Top of Available data
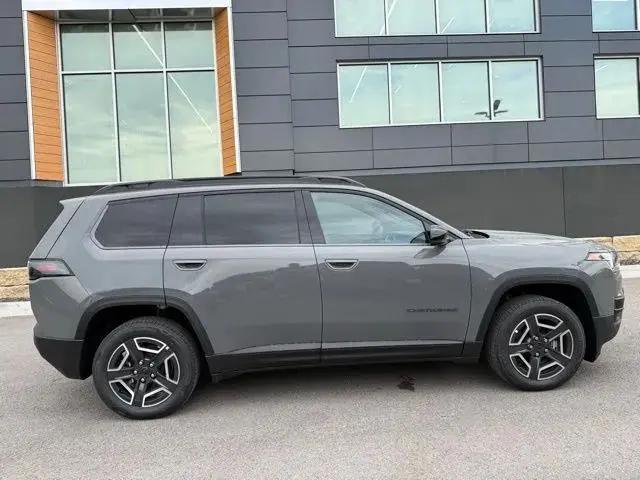 2026 Jeep Cherokee Limited 4x4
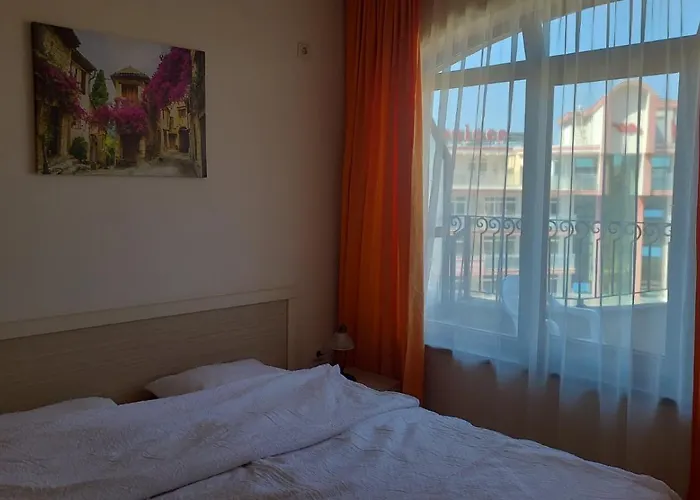 1bd In Royal Sun Complex, Sunny By Flat Mаnager * Солнечный берег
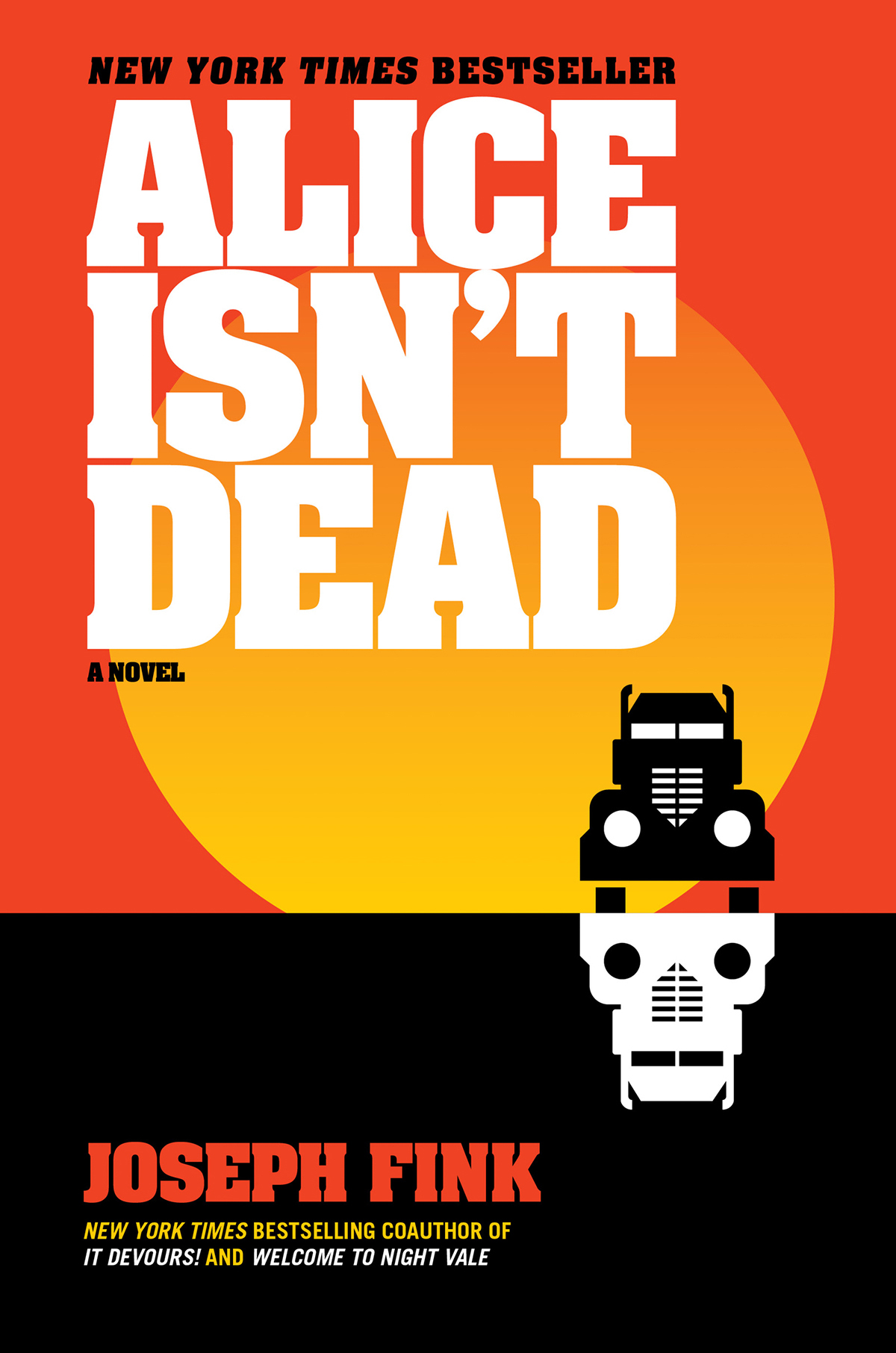 Joseph Fink: Alice Isn't Dead (EBook, 2018, Harper Perennial)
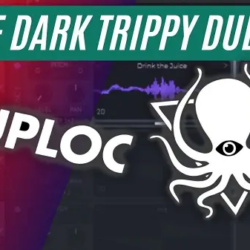 Brainwavez How to Make Dark, Trippy Dubstep Ableton Live Pack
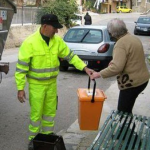 Catania, differenziata ancora poco sopra il 10%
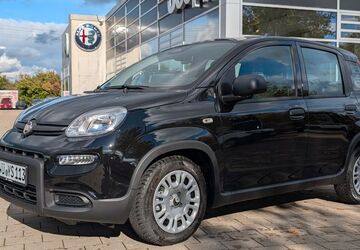 Fiat Panda 13.900 km 14.690 &euro; Würzburg 97076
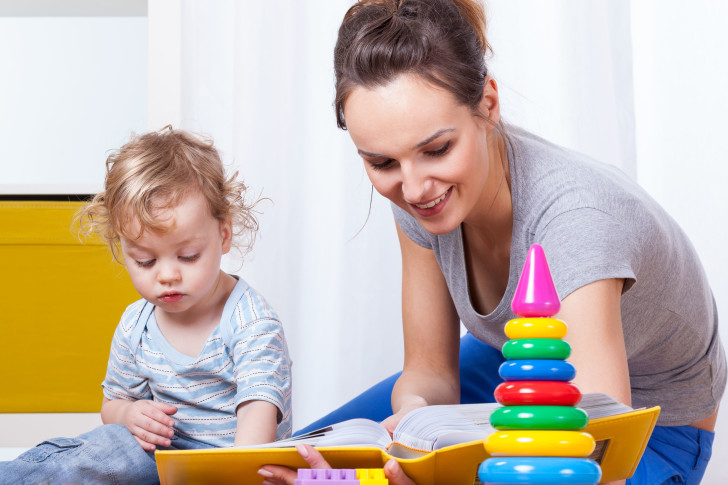 Просмотр фотоальбома беременности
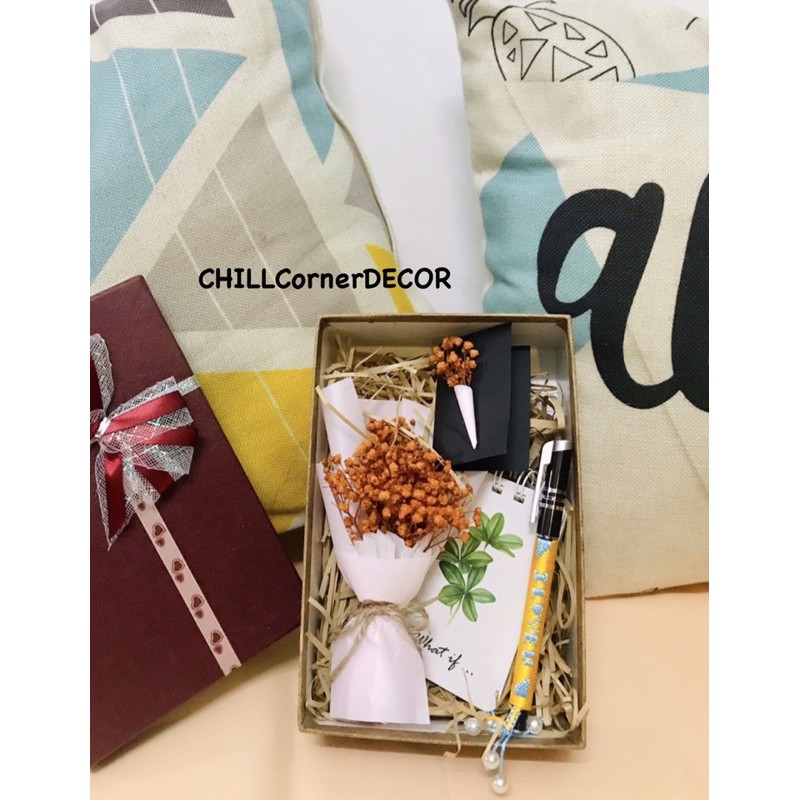 Set quà tăng hoa khô siêu xinh tặng sinh nhật, 8/3, 20/10, 20/11, tốt nghiệp... | BigBuy360 - bigbuy360.vn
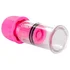 Присоски для сосков Vacuum Twist Suckers розовые фото 3
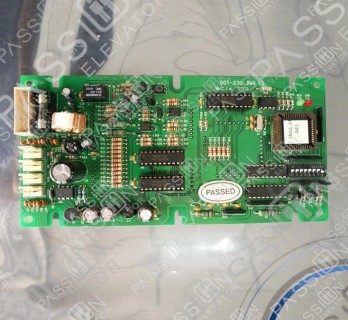 SIGMA/LG OTIS  Elevator PCB DOT-230 Rev 1.3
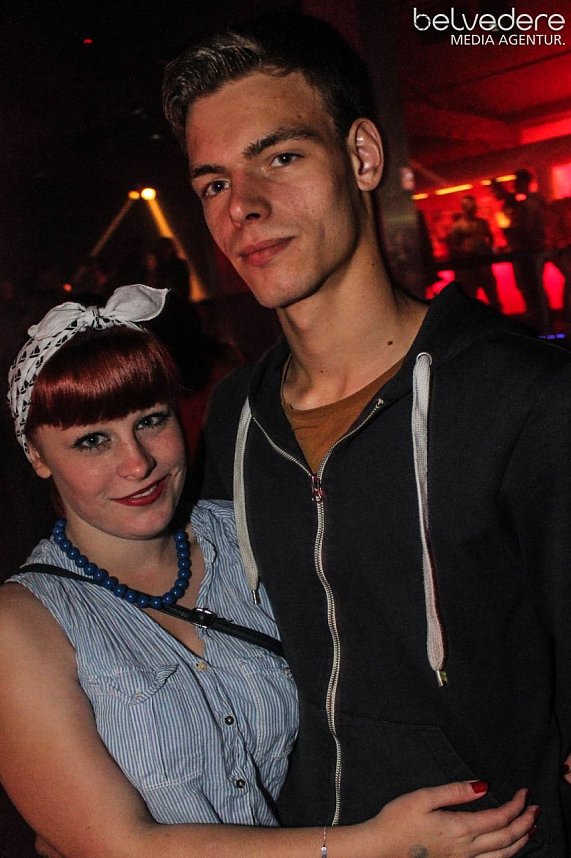 Party im Nordh&auml;user Sax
Bottom of Available data
Instructions for the task >>
From the records above, quote word for word only the lines beginning at the line that has "1bd In Royal" and stopping after the line that has "Просмотр фотоальбома беременности". Omit the pictures.

Solution to this problem >>
 1bd In Royal Sun Complex, Sunny By Flat Mаnager * Солнечный берег
 Joseph Fink: Alice Isn't Dead (EBook, 2018, Harper Perennial)
 Brainwavez How to Make Dark, Trippy Dubstep Ableton Live Pack
 Catania, differenziata ancora poco sopra il 10%
 Fiat Panda 13.900 km 14.690 &euro; Würzburg 97076
 Просмотр фотоальбома беременности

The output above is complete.